«Cinquanta lavoratori occupati della sala bingo Ambassador di Bari, ricoprenti vari profili professionali, si trovano nelle ultime ore a vivere una estenuante angoscia per l’incertezza della loro vita professionale e per le loro rispettive famiglie». A denunciarlo e Fisascat Cisl Bari.

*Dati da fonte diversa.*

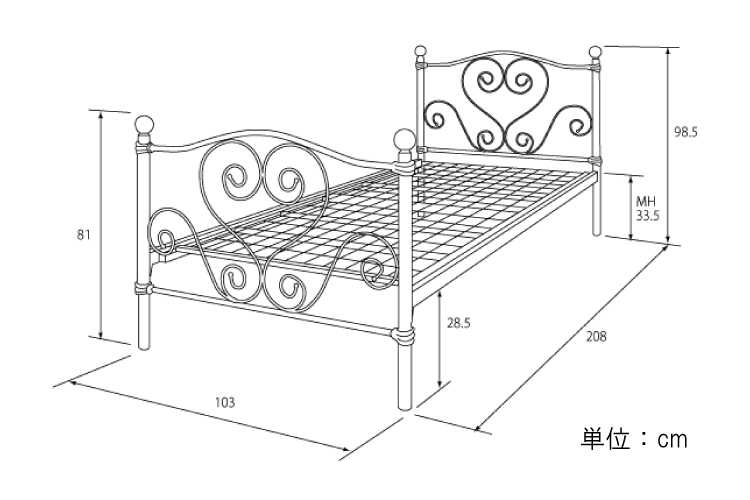 BE-2011 シンデレラデザイン・スチールベッド（シングル）のサイズ詳細画像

«L’angoscia dei lavoratori della sala bingo di Bari Ambassador è a oggi non solo determinata dalla chiusura attività causa pandemia nazionale, ma ancor di più dall’ultima vicenda societaria che la vede implicata in fatti di giustizia ed è a oggi in amministrazione giudiziaria – prosegue il sindacato -. Il 16 giugno 2020 il Tribunale di Bari sezione fallimentare, è chiamato a decidere il futuro della società e delle cinquanta famiglie di Bari e provincia, molte delle quali monoreddito. Questi lavoratori per quasi 20 anni hanno svolto il loro sano e buon lavoro. Le urla disperate delle lavoratrici e dei lavoratori sono anche rivolte alle istituzioni previdenziali Inps: rivendicano la mancata corresponsione a tutt’oggi dell’ammortizzatore sociale, in attesa di percepire quanto spettante per i mesi di marzo, aprile e maggio, oltre alle mensilità retributive di gennaio e febbraio».

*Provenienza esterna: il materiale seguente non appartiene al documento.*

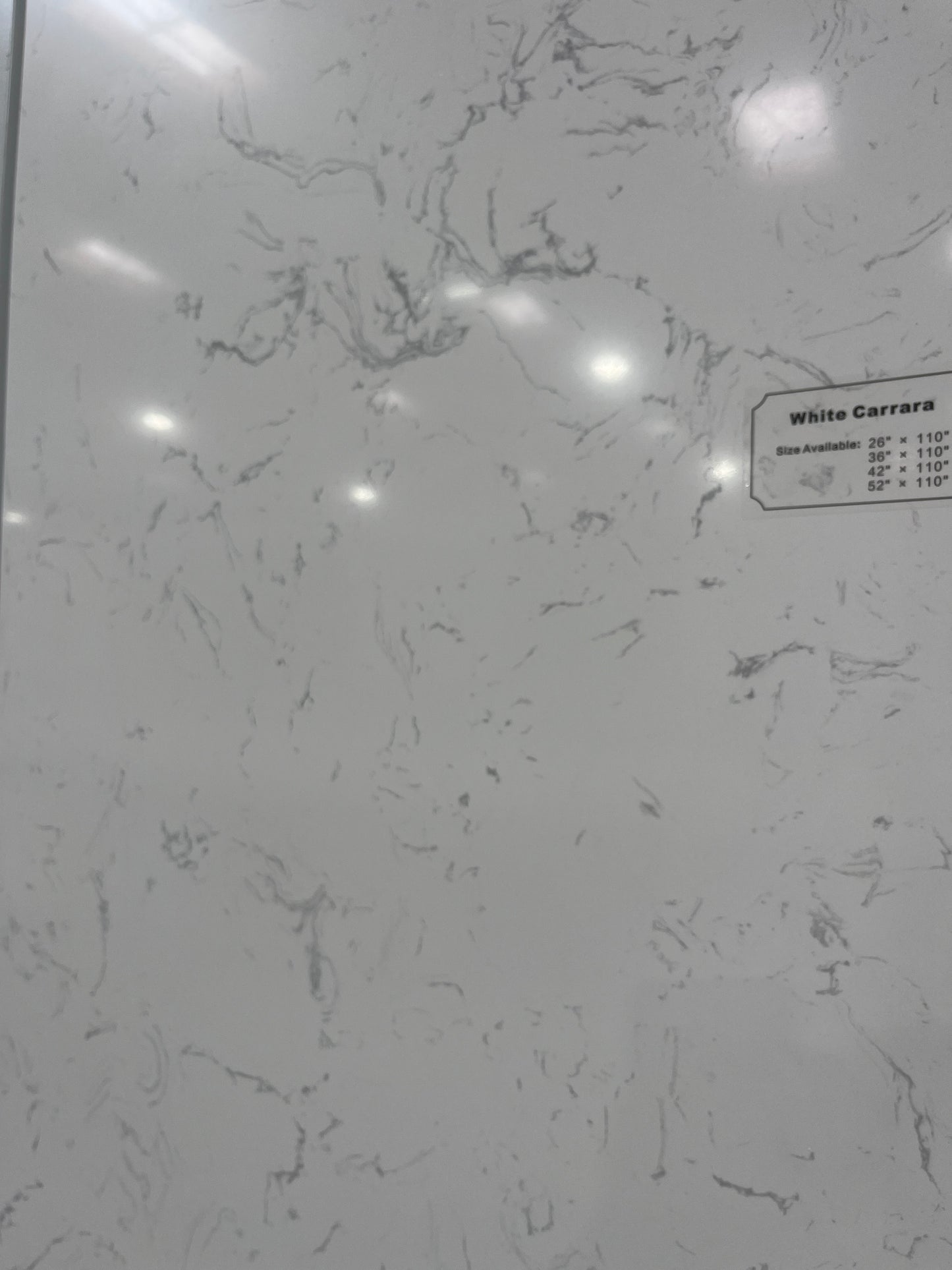 White Carrara Engineered Marble Slab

Il segretario della Fisascat Cisl di Bari, Michelangelo Ferrigni, denuncia: «La categoria dei lavoratori impiegati nel settore del gioco legale è stata lasciata sola dagli ultimi provvedimenti governativi per il contrasto al COVID 19. Un settore che sviluppa ben 11 miliardi di entrate erariali all’anno e dà lavoro sano a 120 mila persone su territorio nazionale, come se questo settore non avesse dignità. Moltissime attività hanno riaperto e molte altre dovranno riaprire, addirittura le discoteche, ma sembrerebbe che il Covid-19 esista solamente per i lavoratori del gioco legale».

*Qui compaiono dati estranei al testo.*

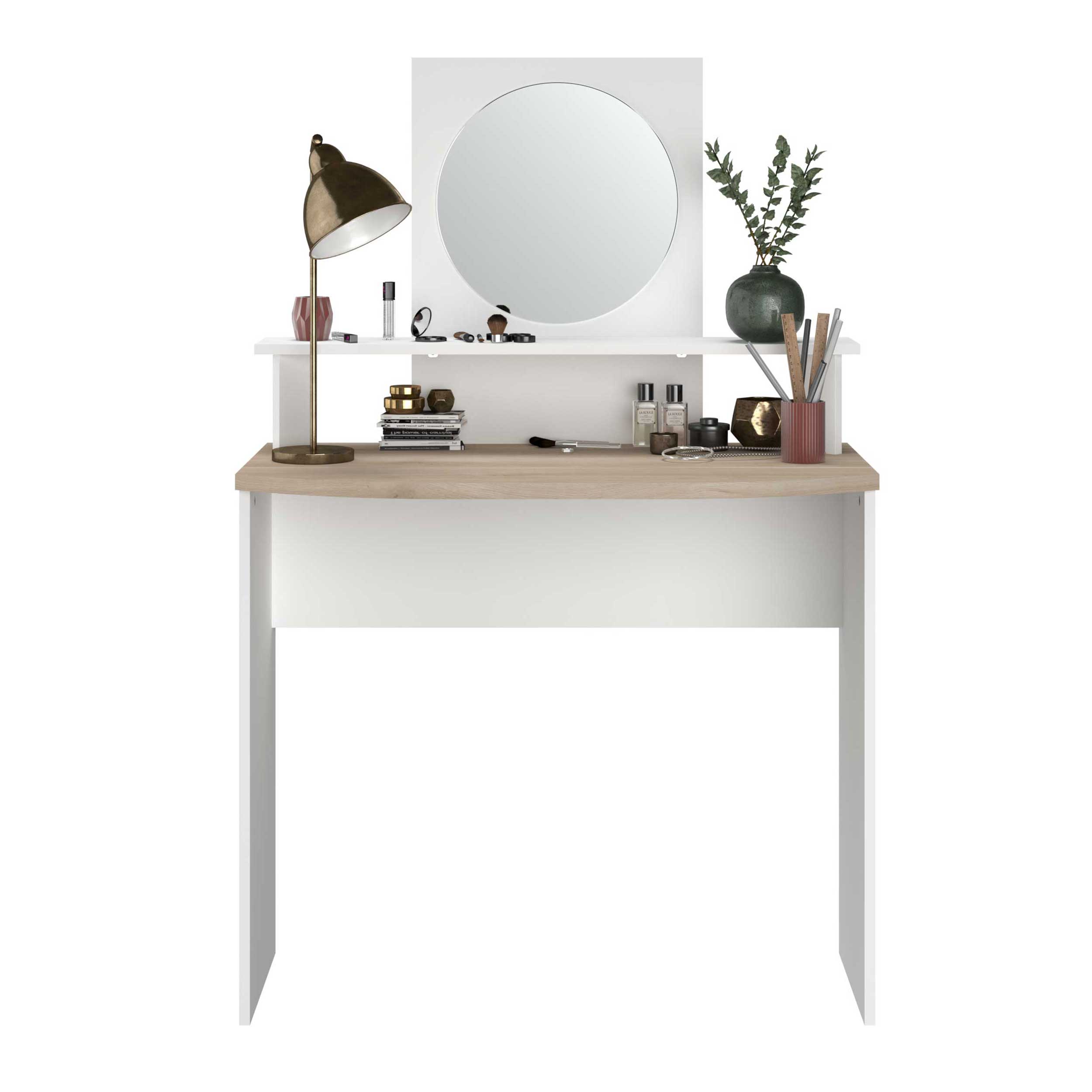 Coiffeuse Hardy-136cm-avec miroir-blanc/chêne - Image 6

L’organizzazione sindacale si rivolge al Comune di Bari, nella persona del sindaco Antonio Decaro, alla Regione Puglia e al presidente Michele Emiliano: «In attesa della pronuncia del Tribunale di Bari, il richiamo a un maggior senso di giustizia e responsabilità che tanto questo paese cerca in tutte le maniere di tracciare, di non commettere in futuro errori di natura gestionale di quelle concessioni dello stato al servizio del cittadino poco controllate, perché dietro le concessioni di servizi esistono famiglie, lavoratori con le loro dignità di uomo e donna».